Jackson gives a full account of the details, we’re not going to go through them here.

## Schumann Resonances

### Here We Are

In fact, we’re living in a resonant cavity! It’s not a bad first approximation to take the surface of the Earth to be a spherical conductor, and the ionosphere to be a concentric spherical conductor, the atmosphere between them is the dielectric filling. Charge could be exchanged between the spheres in electrical storms, and the first estimate of resonant frequencies was made in 1952 by Winfried Schumann who predicted a frequency range 3Hz to 60 Hz.  (Trivia footnote: he was a German scientist brought to the US at the end of the war by secret Operation Paperclip,  some years later he returned to Munich.)

### A Simple Model

Suppose that at some moment a charge imbalance has somehow been generated as shown in the figure: excess positive charge on the Earth’s surface in an upper part of the northern hemisphere, corresponding negative charge in the ionosphere.  Let’s take it azimuthally symmetric ( $\varphi$-independent).
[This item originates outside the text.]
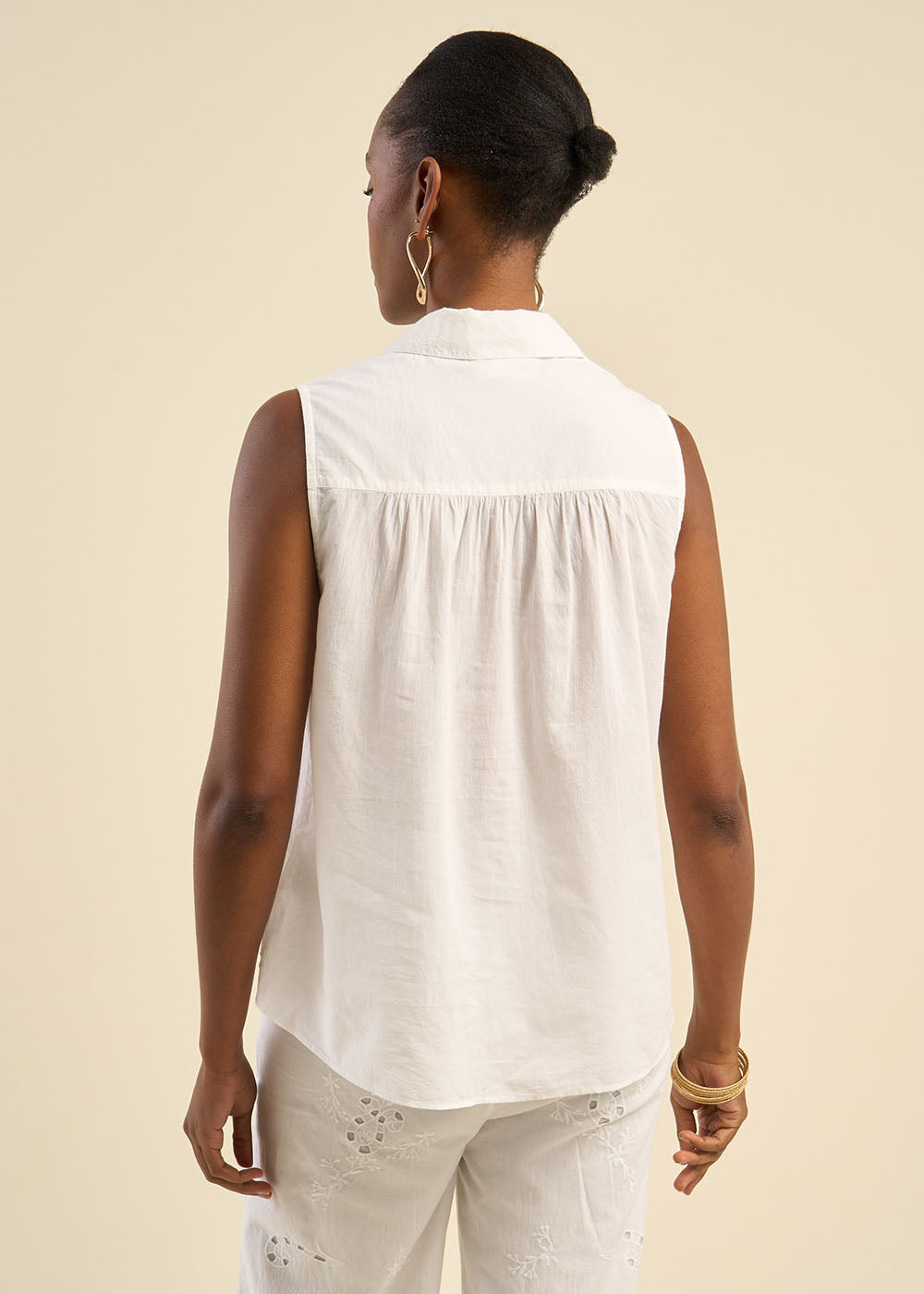 Chemise sans manches brodée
What will happen? The charges shown (positive and negative) will flow southwards, equally at all longitudes. The currents will generate magnetic fields in the $\phi$ direction in the atmosphere, these build up then help keep the current flowing until the charge distribution is like the original one, but upside down, now centered at the south pole. Then repeat in reverse, etc.  Of course, there will be damping$—$a pretty low $Q$ value.  An order of magnitude for the oscillation frequency is given by the time it takes light to go around the Earth, of order 0.15 seconds.  Higher frequency modes could have latitudinal bands of alternating positive and negative charge, still $\varphi$-independent.

Exercise:  The energy flows in the fields! Sketch the electric and magnetic fields, and the Poynting vector, at some nontrivial time in the cycle.
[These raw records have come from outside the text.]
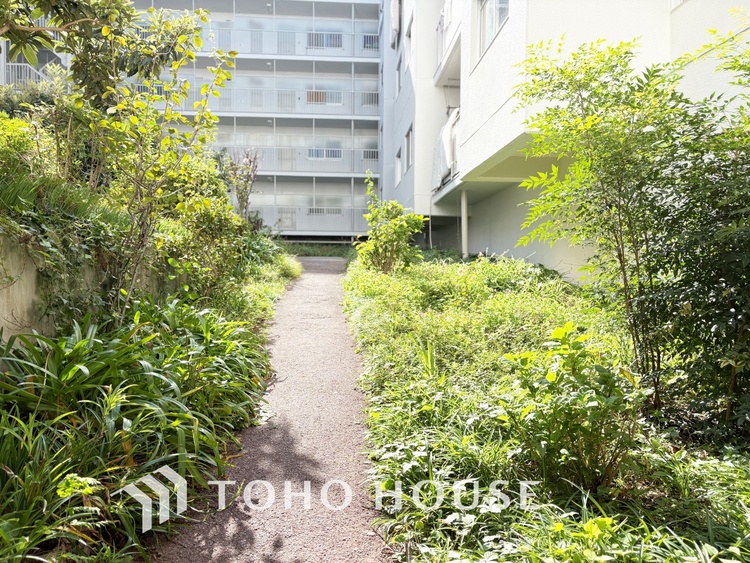 外観 【改装中】【PRIVATE ROOM】◆属毛離裏◆子は父を手本とし、母に愛育されて成長する。家族の深い繋がり。いつまでも大切にしたい。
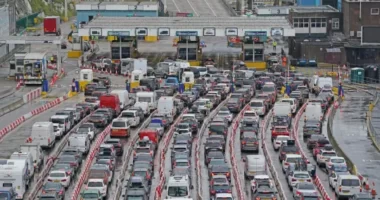 Káosz a doveri határátkelőnél Angliában, hatalmas több órás sorok, és még a vasúti alkalmazottak is sztrájkolnak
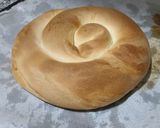 Foto del paso 9 de la receta: Ensaimada rellena de crema pastelera y azúcar quemada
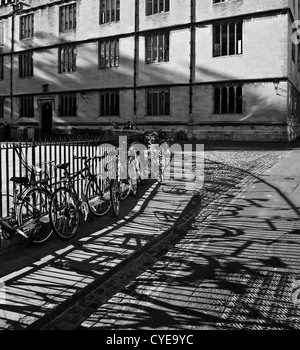 Bodleian Library Radcliffe Square avec des vélos et des ombres Oxford Oxfordshire England Europe Banque D'Images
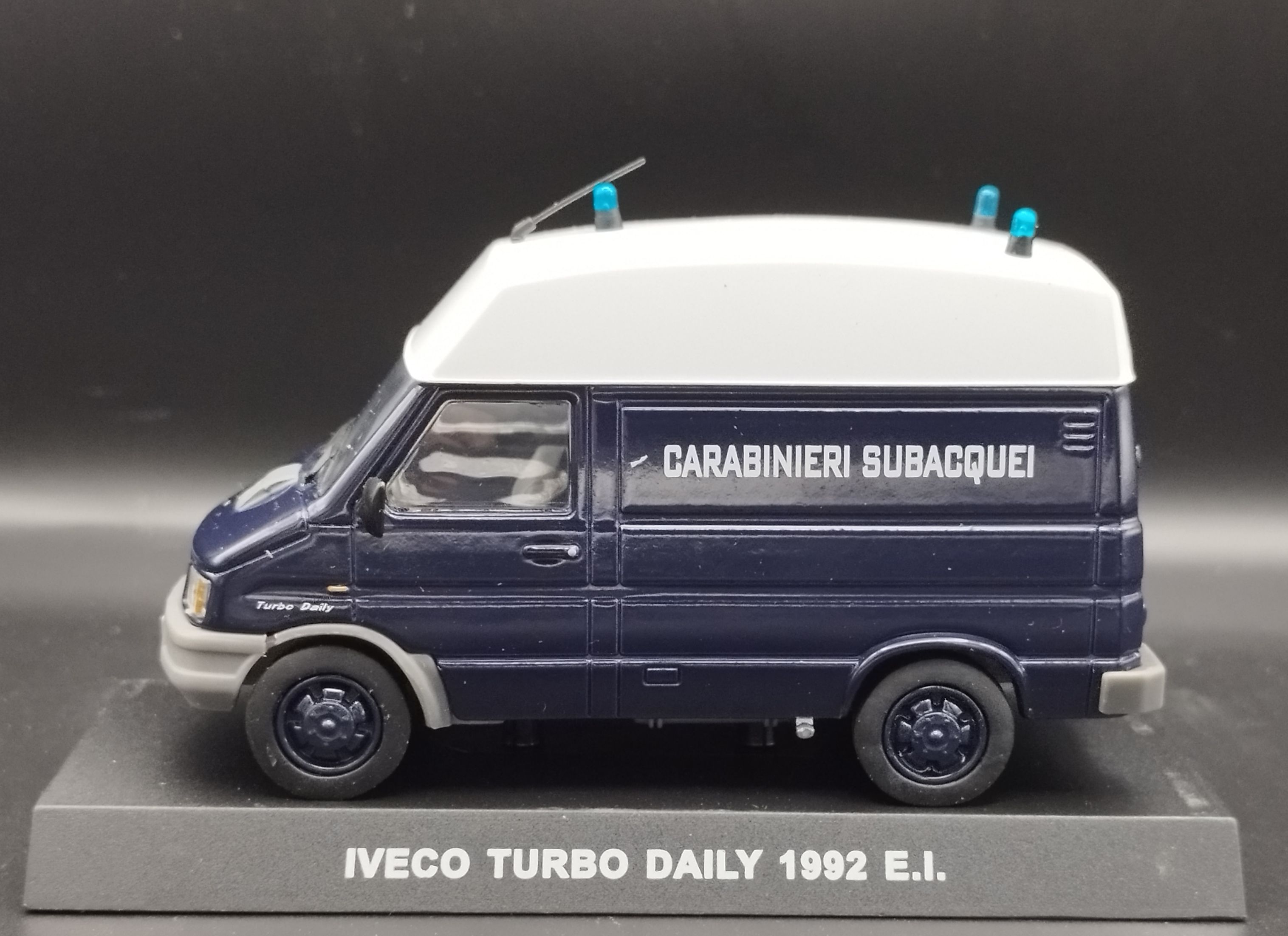 1:43 Atlas 1992 Iveco Turbo Daily Carabineri model nowy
### Finding the Eigenfrequencies

Our picture suggests a radial electric field, that would be a TM mode, and this would certainly be the case for the lowest frequencies, otherwise (for TE) the radial component would have a wavelength of order the height of the ionosphere, $h=b-a,$ frequency $\sim c/h,$ much higher than TM modes $\sim c/a.$ So for the low frequency modes there can be no radial magnetic field, and $\stackrel{\to }{\nabla }\cdot \stackrel{\to }{B}=0$ means that the only nonzero magnetic field component is ${B}_{\varphi }.$ Also ${E}_{\varphi }=0$ from Faraday’s law.
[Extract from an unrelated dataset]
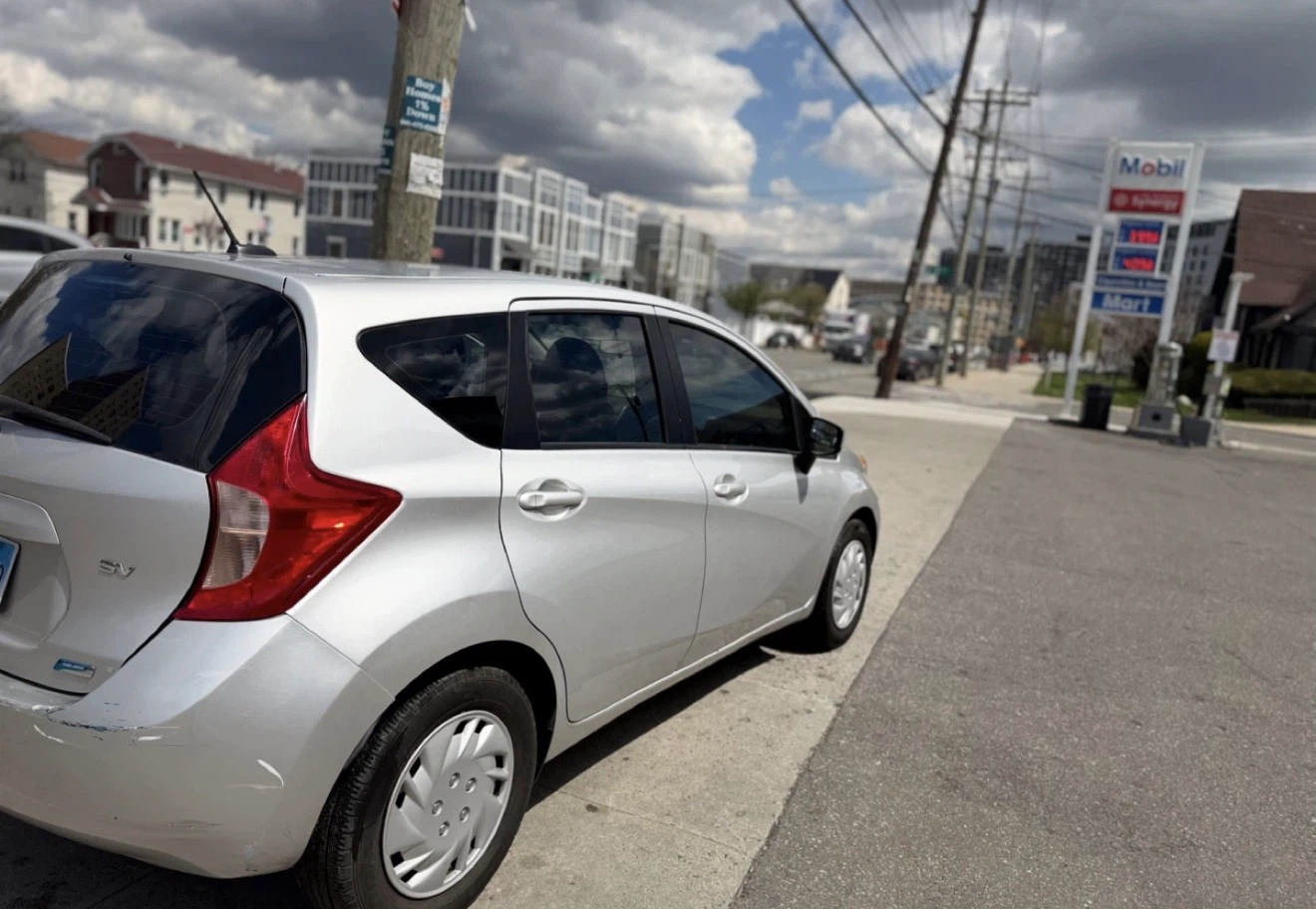 Nissan Versa SV - photo 3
Following Jackson, for time dependence ${e}^{-i\omega t},$ the two Maxwell curl equations give

$\frac{{\omega }^{2}}{{c}^{2}}\stackrel{\to }{B}=\stackrel{\to }{\nabla }×\stackrel{\to }{\nabla }×\stackrel{\to }{B}.$

(You might be tempted to write curl curl = grad div $–$ del squared, but that is Cartesian. Here you need to look up curl in spherical coordinates, and use it twice$—$it comes out a little different.)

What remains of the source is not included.